Boston Globe columnist, and COMMENTARY contributor Jeff Jacoby hit one out of the park on Sunday when he took on the drive to pass federal hate crimes legislation.
This is a cause that has been embraced by a great many well-meaning groups, including most of the organized Jewish community. But it is, as Jeff so ably points out, absolutely pointless.
If enacted, the law will almost certainly be challenged in court. The Constitution does not grant the federal government any general police power — prosecuting crime is primarily a state and local responsibility — and it is far from clear that the Supreme Court would go along with a congressional attempt to federalize such a broad swath of criminal law.
Which is just as well, since the new law will not serve any legitimate criminal-justice end. Every crime that would be covered by the bill is already a felony under state law. Each one can already be prosecuted and punished. Its name notwithstanding, the Matthew Shepard Hate Crimes Prevention Act will not prevent any hate crimes. Nor is there anything it could have added to the prosecution of Shepard’s killers, both of whom were convicted of murder and sentenced to two consecutive life sentences.

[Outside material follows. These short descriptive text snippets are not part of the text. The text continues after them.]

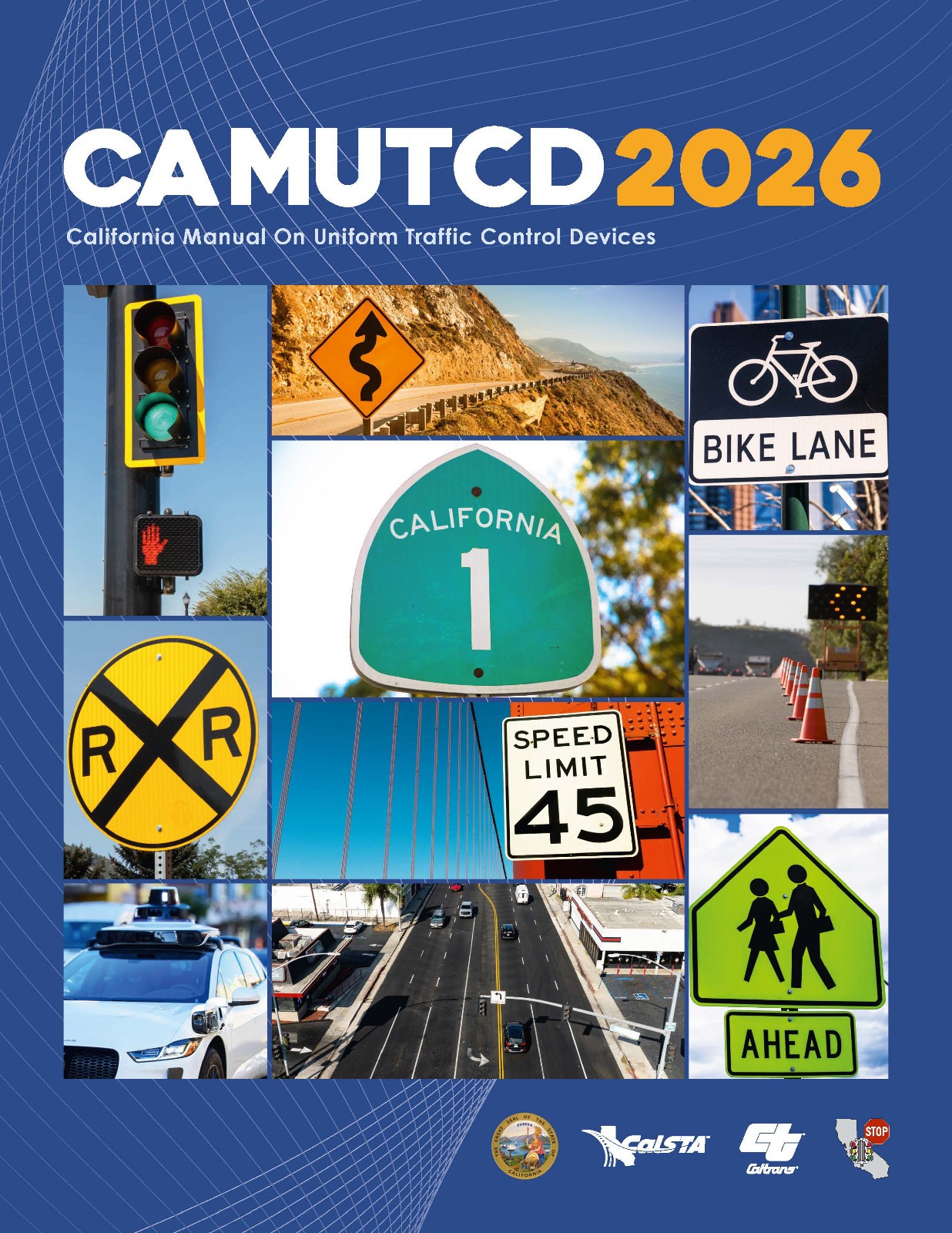 NEW – Complete CA MUTCD 2026 , (Effective 01/26) Printed Full Color, 1700 pages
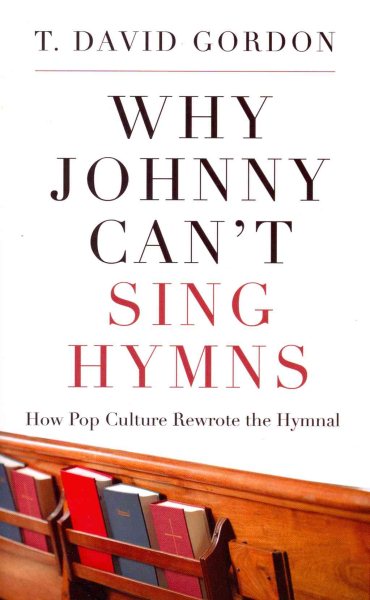 Why Johnny Can't Sing Hymns: How Pop Culture Rewrote the Hymnal cover
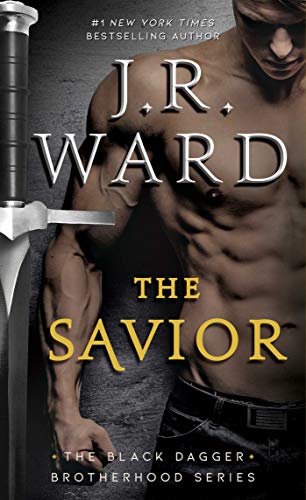 The Savior (Volume 17) (The Black Dagger Brotherhood series)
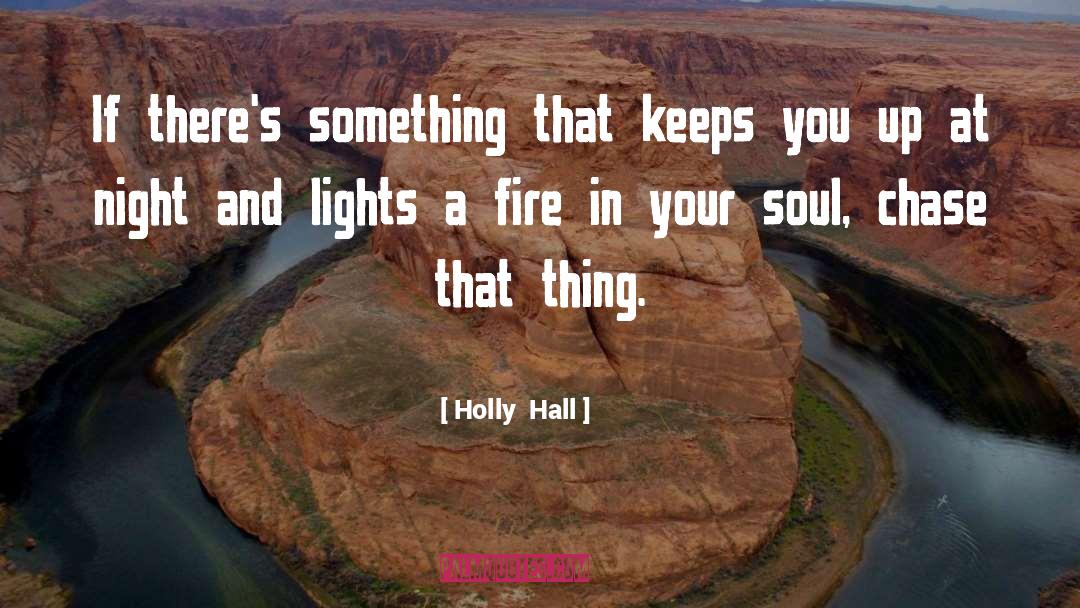 Chase Dreams quotes by Holly  Hall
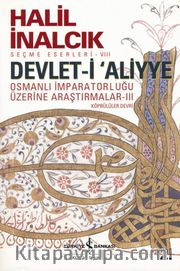 Devlet-i Aliyye <br /> Osmanlı İmparatorluğu Üzerine Araştırmalar - III (Köprülüler Devri)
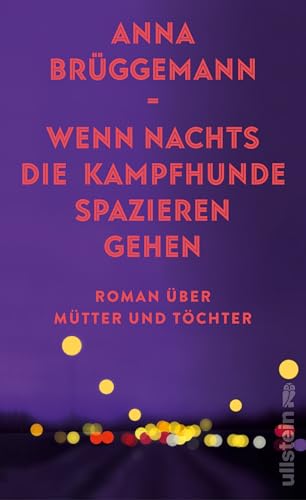 Wenn nachts die Kampfhunde spazieren gehen: Roman | Über die Erwartungen der Mütter, ihr toxisches Erbe und die Schönheit des Erwachsenwerdens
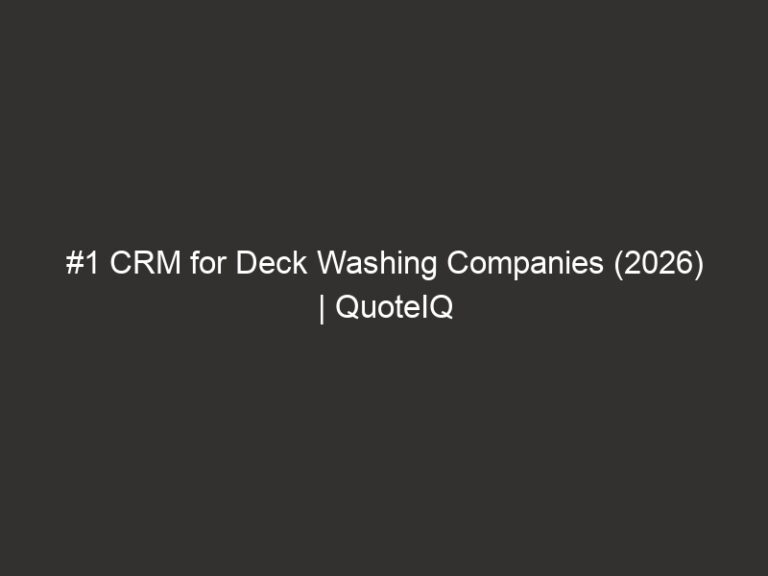 #1 CRM for Deck Washing Companies (2026) | QuoteIQ 38 1 crm for deck washing companies 2026 quoteiq 20063 c1543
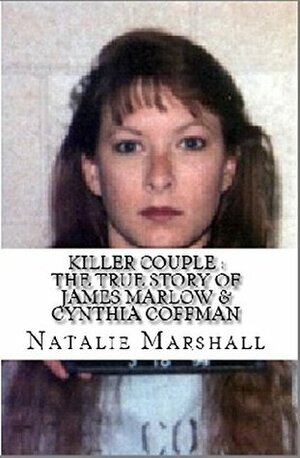 Killer Couple : The True Story of James Marlow & Cynthia Coffman by Natalie Marshall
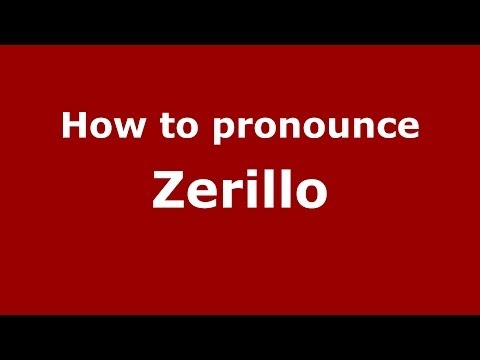 How to pronounce Zerillo (Italian/Italy) - PronounceNames.com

So why pass such legislation? Like a great many other activities politicians engage in, it has to do with them pretending they are fighting against things people dislike without actually having to do anything meaningful. In other words, it is nothing more than a pose. As such, we might just all shrug and let it go as a harmless piece of nonsense. But there is a cost.
Hate-crime laws serve a symbolic function, not a practical one: They proclaim that crimes fueled by certain types of bias are especially repugnant. But that is the same as proclaiming that crimes fueled by other types of bias, or by motives having nothing to do with bias, are not quite as awful. Is that a message any decent society should wish to promote?

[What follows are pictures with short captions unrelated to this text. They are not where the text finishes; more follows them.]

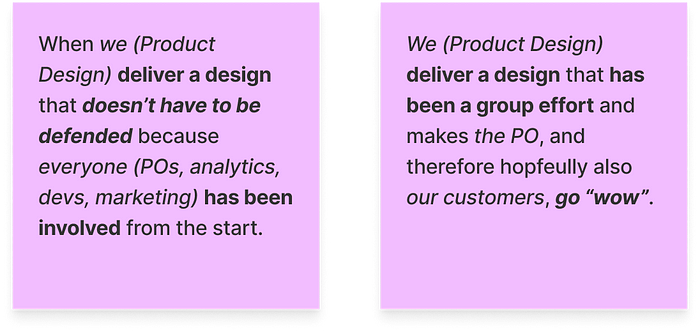 Two post-its: 1) Actors: “we (Product Design); everyone (POs, analytics, devs, marketing)”; Actions: “deliver a design; has been involved”; Outcomes: “doesn’t have to be defended.” 2) Actors: “We (Product Design); PO; customers”; Actions: “deliver a design; has been a group effort”; Outcomes: “go ‘wow’”.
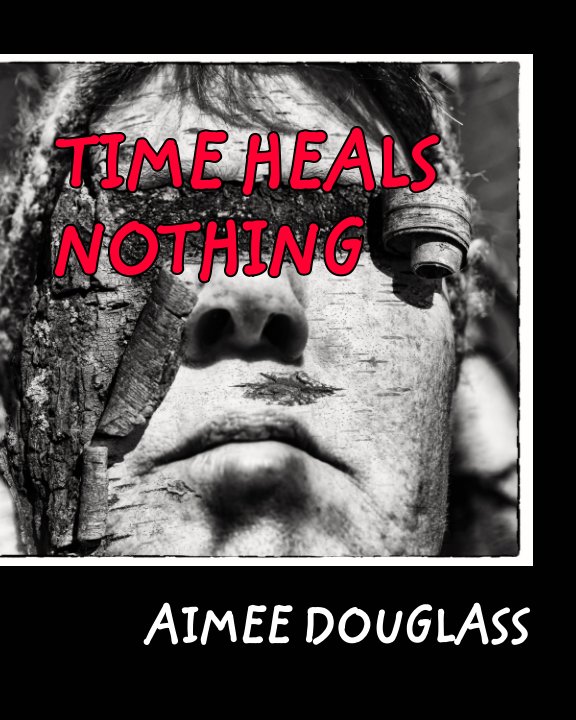 View Time Heals Nothing by AIMEE DOUGLASS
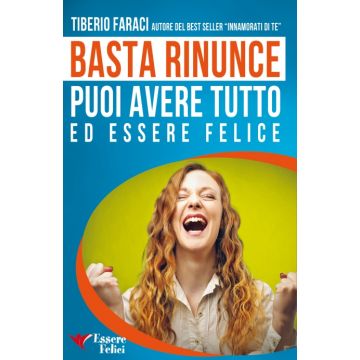 Basta Rinunce. Puoi avere tutto ed essere felice  Faraci Tiberio  Essere Felici  9788895531786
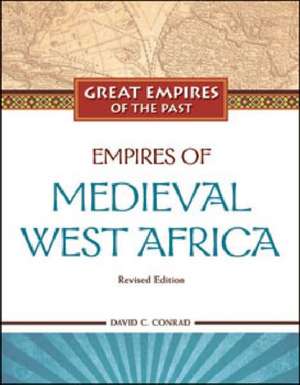 Empires of Medieval West Africa: Ghana, Mali, and Songhay de David C. Conrad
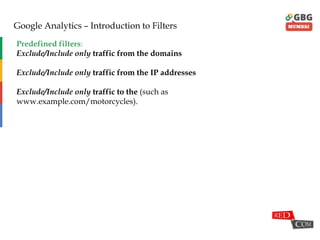 Google Analytics – Introduction to Filters
Predefined filters:
Exclude/Include only traffic from the domains
Exclude/Include only traffic from the IP addresses
Exclude/Include only traffic to the (such as
www.example.com/motorcycles).
 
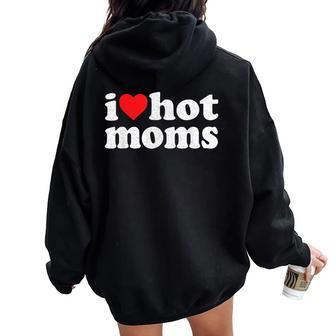 I Heart Hot Moms I Love Hot Moms Distressed Retro Vintage Women Oversized Hoodie Back Print | Mazezy
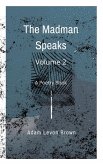 The Madman Speaks Volume 2 (eBook, ePUB) The Madman Speaks Volume 2 (eBook, ePUB)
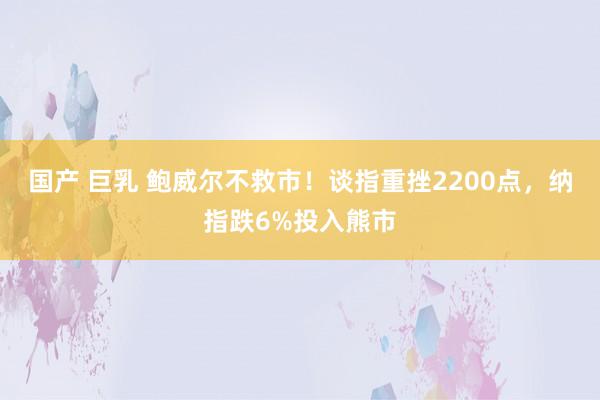 国产 巨乳 鲍威尔不救市！谈指重挫2200点，纳指跌6%投入熊市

Suppose Matthew Shepard’s murderers had killed him for his wallet, or to prove their toughness to a gang, or out of sheer sadistic bloodlust. Would his death have been any less horrific? Would his family have shed fewer tears? Is it somehow better when a thrill-seeker burns a church than when a bigot does so? If James Byrd had been lynched by three black men, would his slaughter not have been as monstrous?
The obvious answer should be no, which is what our answer to those who advocate for this well-meaning piece of foolishness should also be.